How do we cut our selves off from our connection with others? As an individual, a society or a species? How do we push parts of ourselves away? I imagine it starts with survival, even going back as far as hunting to survive. You either disconnect from the life you are going to kill, or you have a belief that allows you to accept what you are doing while remaining connected.
For me, the idea that works is thanking the being who was sacrificed for me. For me, it does not work to say, ‘they are just animals and do not have rights.’ It does not work for me to push part of myself away and not recognize or honor another being. It is not okay to leave another to suffer, with no one present to let him or her know that he or she is not alone.
We all do it. Disconnect. Maybe not all the time, perhaps not usually. Or perhaps it is our way of life. Maybe we started early. Sometimes it is just a little part of ourselves we have gotten rid of; a feeling that we don’t want to have that gets pushed away. Maybe someone hurt our feelings and we ‘got rid of it’ instead of staying with that feeling. Perhaps it was easier to get rid of our feeling than to know that someone wasn’t treating us right.

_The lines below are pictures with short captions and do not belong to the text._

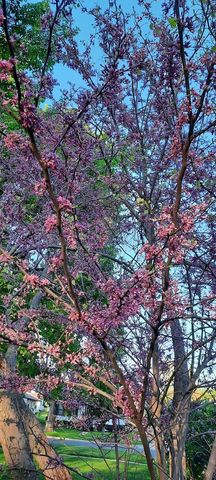 1221 6th Avenue, Dewitt, IA 52742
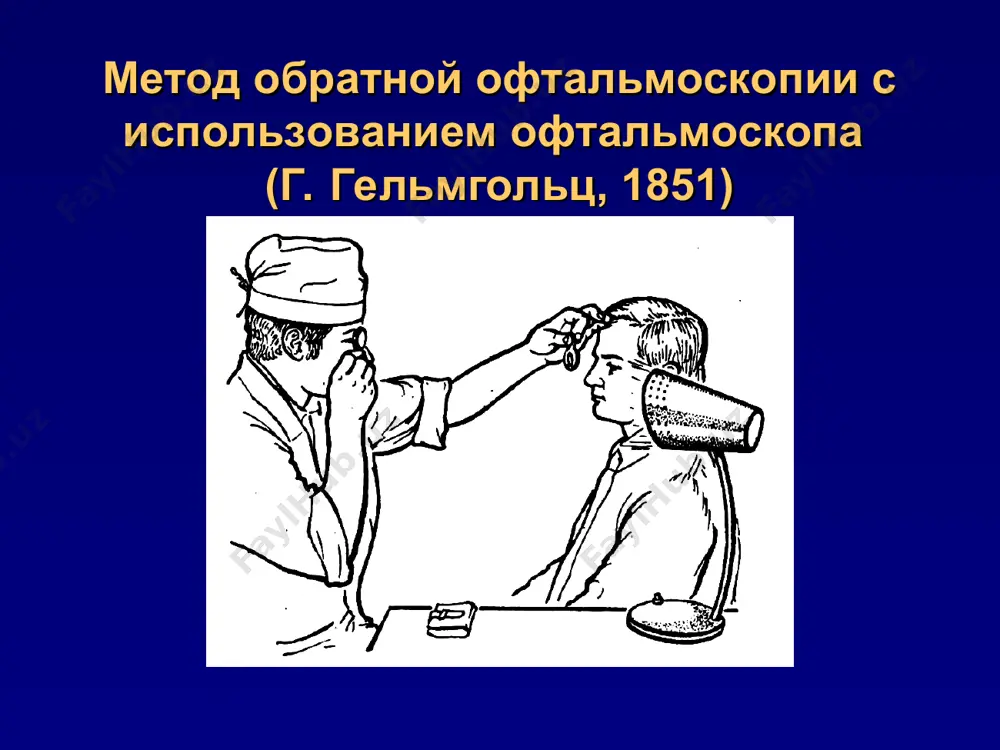 ра супрахориоидальное пространство склера роговица вена шлеммов канал трабекула задняя камера * преломляющая среда глаза: сила преломления: в покое 19 d при аккомодации до 33 d хрусталик * хрусталик передняя капсула цинновы связки волокна хрусталика эпителий строение. передняя капсула задняя капсула ядро ядро ядро задняя капсула передняя капсула эпителий передняя капсула * состав: вода 62%. растворимые белки 18% нерастворимые белки 17% неорганические соединения: витамины, холестерин, ферменты, микроэлементы (k, na, ca, s, zn, ag, cl) хрусталик * стекловидное тело расположено между сетчаткой, хрусталиком и цилиарным телом. объём ~ 4 мл. обеспечивает стабильность формы глазного яблока защищает сетчатку, хрусталик, цилиарное тело. * стекловидное тело общее строение зрительного анализатора воспринимающая часть (глазное яблоко) проводящие пути (зрительный нерв, хиазма, зрительный тракт) подкорковые центры зрительные центры в коре больших полушарий * вспомогательные органы глаза конъюнктива веки мышцы глазного яблока слезный аппарат орбита * орбита спереди веки модифицированная складка кожи. защита глазного яблока от внешних воздействий. …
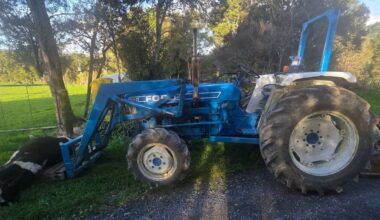 Northland bull death: Police, MPI investigate welfare concerns after animal strapped to pallet dies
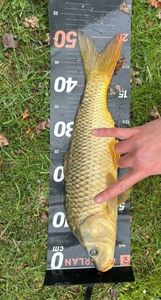 Common Carp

When we push away our emotions, the internal divide gets deeper. We stop knowing who we are. In a sense, we become ‘top-heavy,’ with a lot of thought, but not much experience of feeling. Maybe we can’t take in the experience of others, whether it is the cow out in the pasture or our partner or friend who is upset. Or at the other extreme, our upset feelings are the only ones that matter. There are consequences. We cannot see the other’s perspective. Our hearts are limited. The divided inner world reflects in the outer.
Compassion can only come through connection. Compassion for ourselves usually allows us to extend that quality outward to others (unless we are too damaged). Extending compassion outwards means no longer putting ourselves first. It means that I don’t want my children to go to better schools or make more money if it comes at the expense of other children. It means not wanting anybody else to suffer, starve, be beaten or be stopped by a ‘glass ceiling.’ It means we recognize that we are all in this together. Getting on top isn’t the path to safety. Safety is only possible if we are all safe.
Love cannot be outmaneuvered. It can only be pushed away. Love embraces. It is not the cold hard and detached stare of someone who doesn’t care. But to be nurtured, cared about and related to: isn’t that the realm of the heart? Isn’t that what we all want? We may hope the world will change, but how can it without us changing, without recognizing that the little monkey is also a part of each of us? Truly, self-protection has limits. These limits impact not just our personal experience of self, love, and relationship, but also the outer world. Similarly, we sometimes get stuck in pulling back rather than reaching out when we get caught in a conflict with our loved ones.
To create safety in our relationship, we have to be emotionally trustworthy. We have to learn to be there for each other. We have to reach out our hand to hold the hand of the other.
We live and breathe in the context of relationships. We can do so with an open heart. If we cannot find our open heart, we can begin the work of unraveling why not. We can begin the work of connecting more deeply to ourselves.